Ibiza-Video: Was hinter dem Gang zum VfGH steckt
Man wundert sich, dass die Abgeordneten des Ibiza-UAusschusses noch derart viel Energie in die Anlieferung des ungekürzten Videos investieren. Sind doch die markantesten Aussagen allesamt bekannt. Nicht zuletzt, weil der KURIER das Video in voller Länge sehen konnte und die letzten, noch unbekannten Passagen veröffentlichte.
Auch im U-Ausschuss spielt das Video nur noch eine Nebenrolle. Viel brisanter sind diverse Chatprotokolle etwa zwischen Ex-Vizekanzler Heinz-Christian Strache (FPÖ) und Ex-Finanzminister Hartwig Löger (ÖVP) oder Lögers Ex-Kabinettschef Thomas
Schmid. Trotzdem scheinen die Parteien (mit Ausnahme der ÖVP) auf dem Video zu beharren, denn nun ziehen Abgeordnete von SPÖ, FPÖ, Neos und Grünen vor den Verfassungsgerichtshof. In ihrem Antrag fordern die Parteien die Höchstrichter auf, festzustellen, dass Justizministerin Alma Zadić (Grüne) „das Ton- und Bildmaterial des Ibiza-Videos und die dazugehörigen Transkripte unabgedeckt vorzulegen“habe.

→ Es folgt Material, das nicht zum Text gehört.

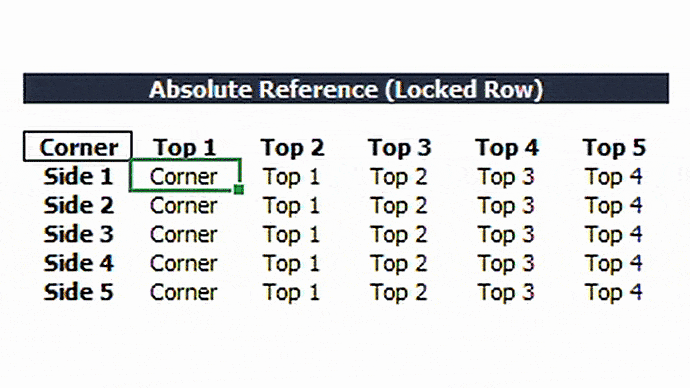 Excel Absolute References - Locked Row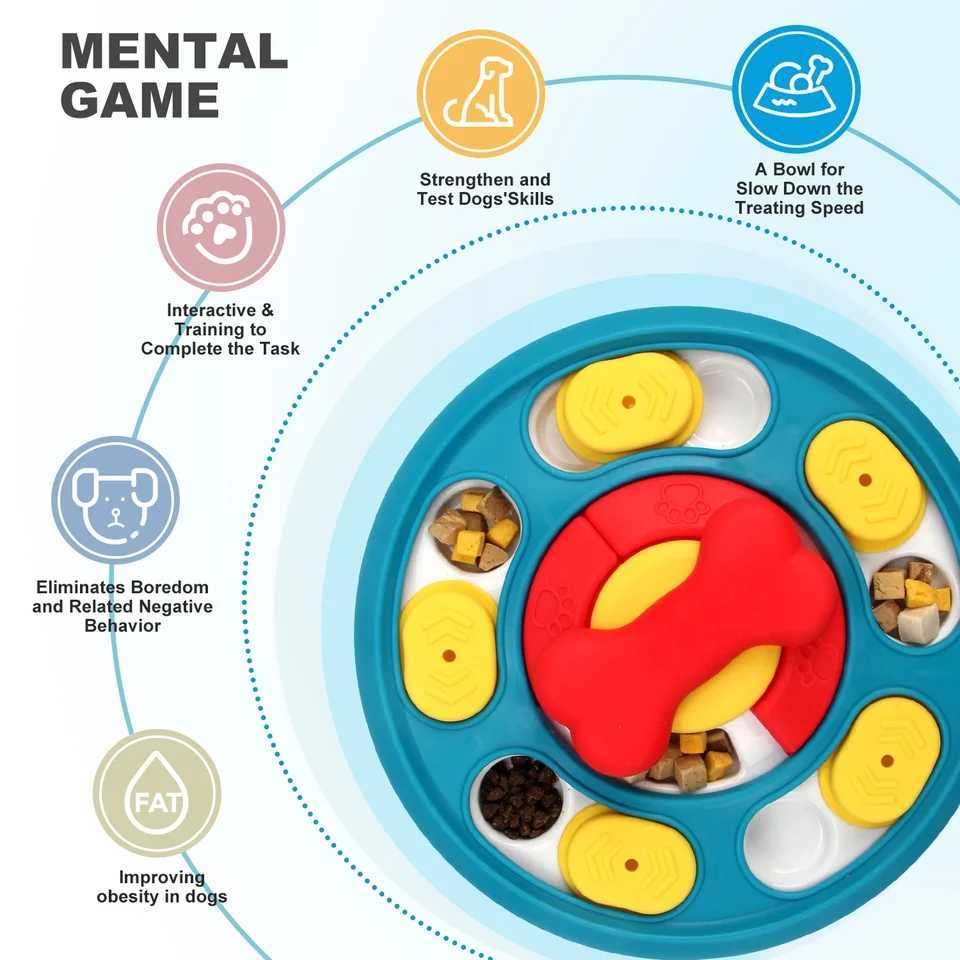 Dog puzzle toys slow feeders interactive addition small dog IQ food dispenser anti suffocation desktop software dog licking board pet supplies X241213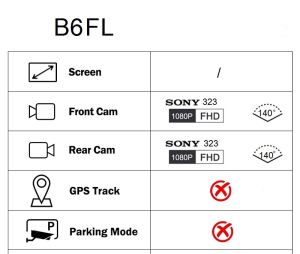 VSYS Motorcycle Dash cam dual 1080p full body waterproof motorcycle DVR wifi video recorder high video quality support GPS track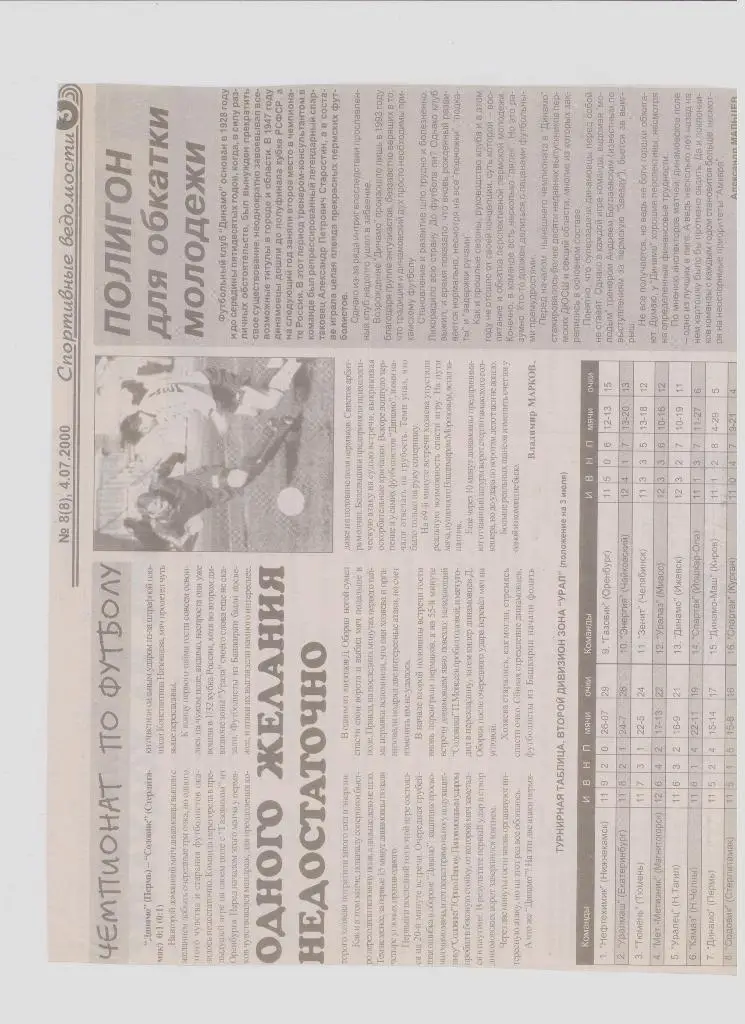 Публикация в СМИ: футбол в Прикамье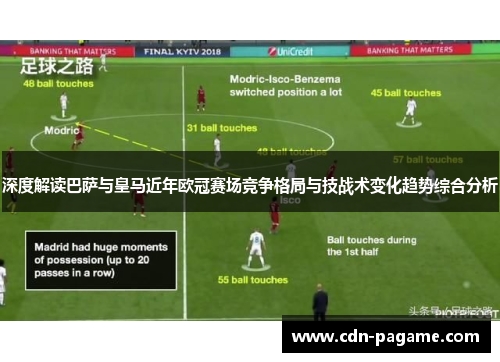 深度解读巴萨与皇马近年欧冠赛场竞争格局与技战术变化趋势综合分析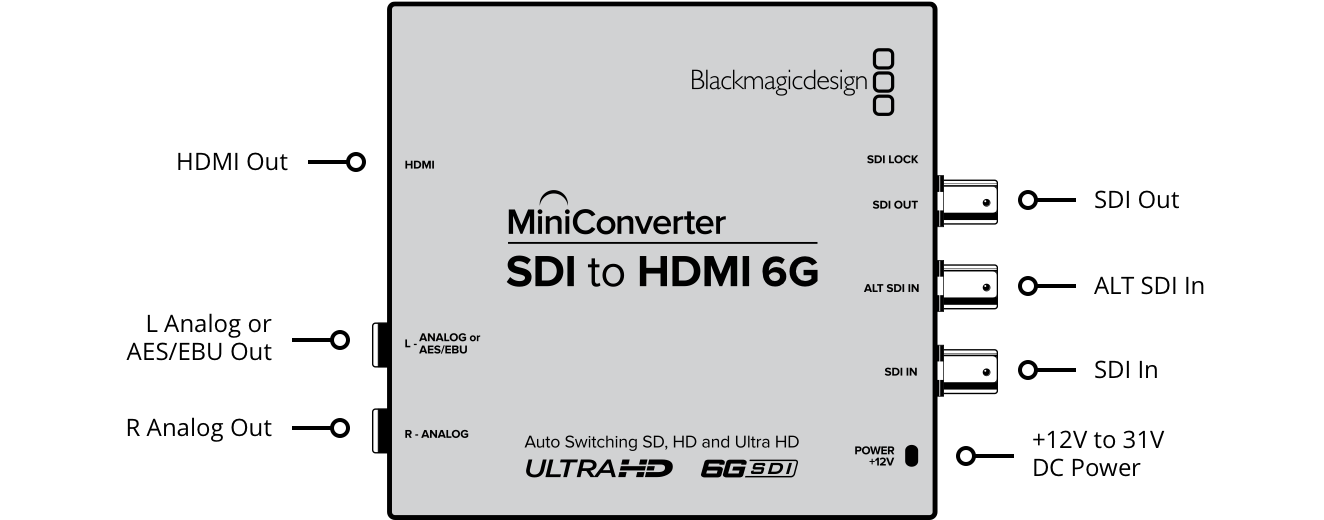 Blackmagic Design Mini Converter - SDI to HDMI 6G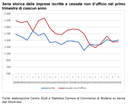 Demografia imprenditoriale: presentati i risultati del primo trimestre
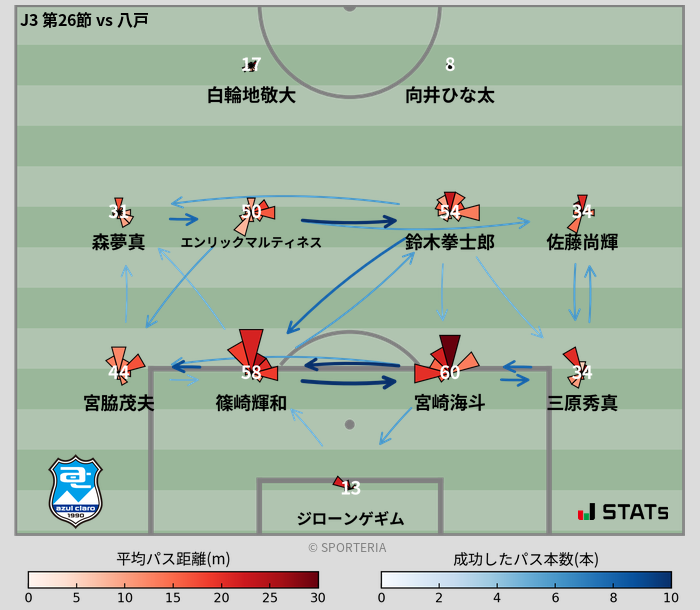 パスソナー・パスネットワーク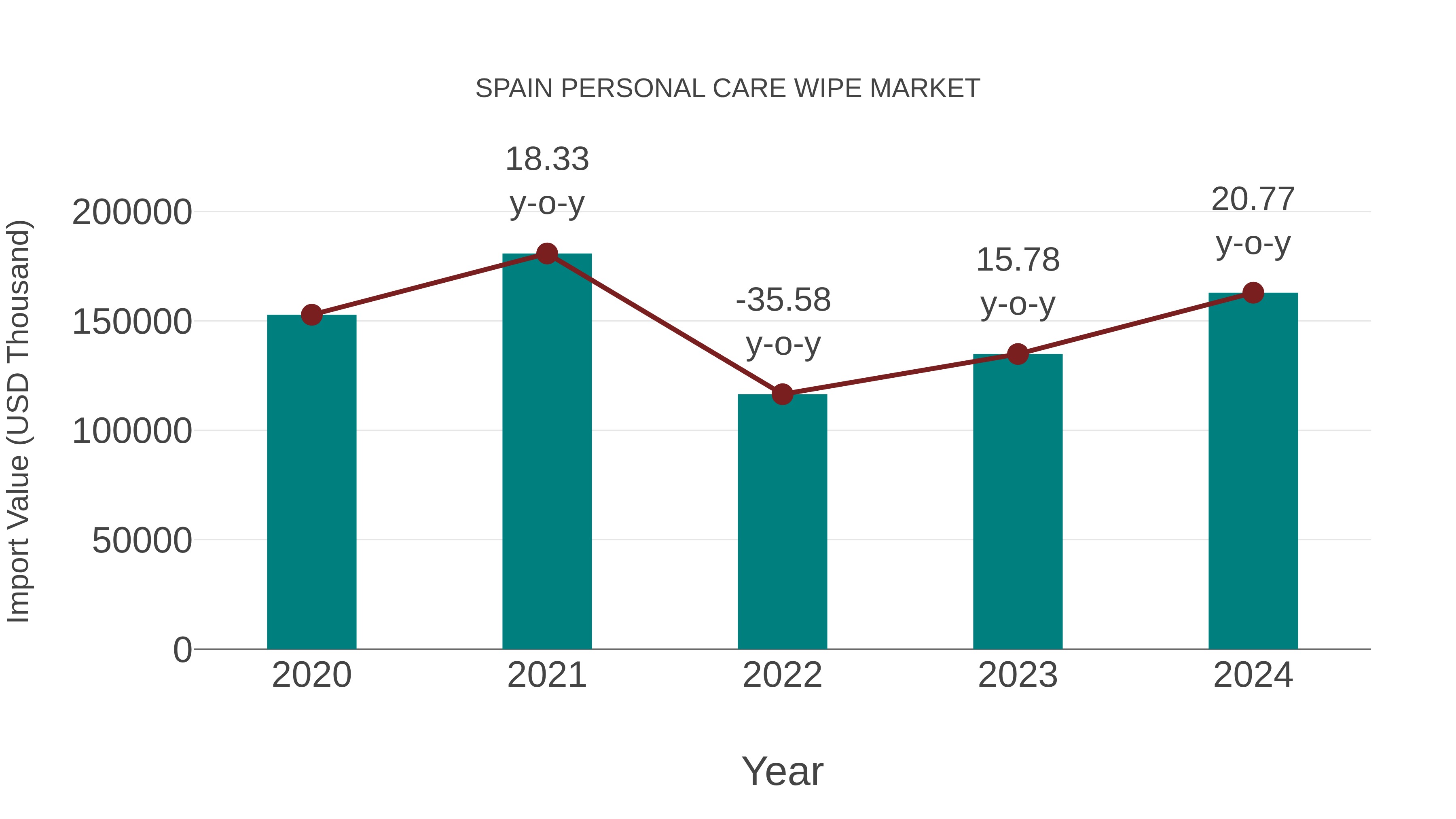 Spain Personal Care Wipe Market: Import Trend Analysis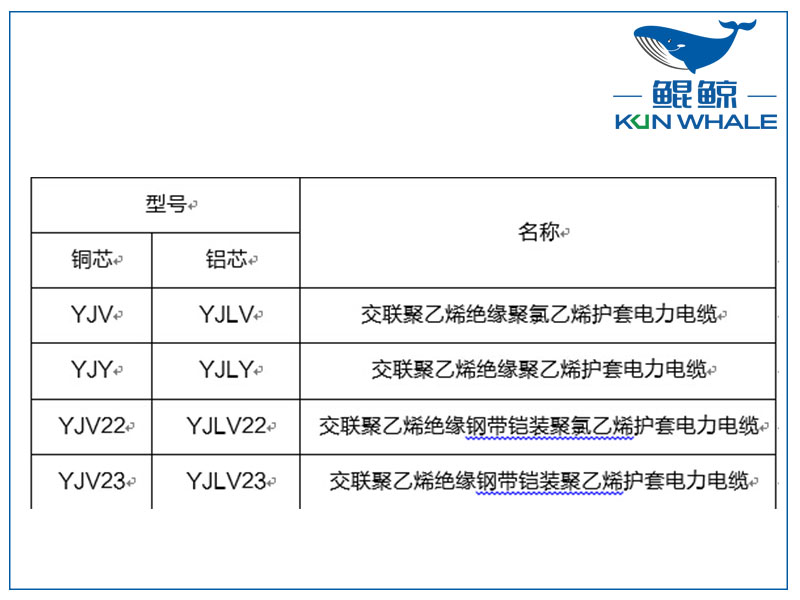 郑州电缆厂浅谈yjv电力电缆主要参数是什么？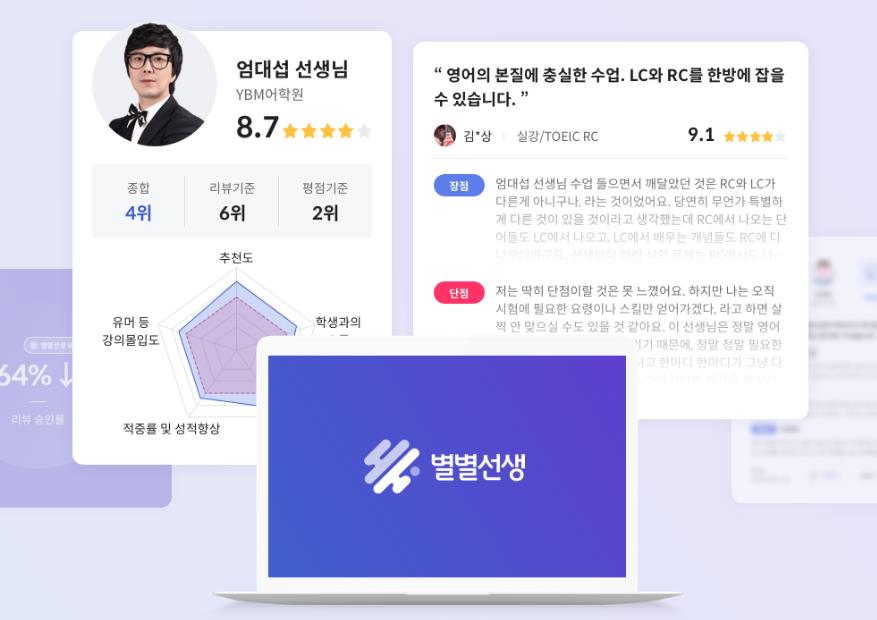 강사 평가 플랫폼 '별별선생', 사이트 전면 개편 - 뉴스 썸네일 이미지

Vom Bundeskriminalamt wurde das Video in voller Länge beschlagnahmt. Die Staatsanwaltschaft hat nur jene Teile des Videos zum Akt genommen und an den Ausschuss weitergegeben, die ihr strafrechtlich relevant zu sein schienen. Die Begründung, warum die Abgeordneten ihre Forderung trotzdem für legitim halten, liest sich im Antrag an den VfGH so: Der Ausschuss prüfe nicht strafrechtliche Fragen, sondern die politische Verantwortung – und nur wenn man alle Passagen aus dem Video kenne, lasse sich auch die Frage der politischen Verantwortung klären.
Binnen vier Wochen muss der VfGH entscheiden.
In Justizkreisen vermutet man, dass das Manöver noch einem anderen (höheren) Zweck diene. Seit Start des U-Ausschusses ärgern sich die Abgeordneten, dass sich zwar unzählige WhatsappNachrichten von Strache an Kanzler Sebastian Kurz in den
Unterlagen finden, aber nicht jene von Kurz an Strache. Diese wurden von der Staatsanwaltschaft nicht geliefert – sind aber klarerweise in besonderer Weise Objekt der Begierde für die Opposition.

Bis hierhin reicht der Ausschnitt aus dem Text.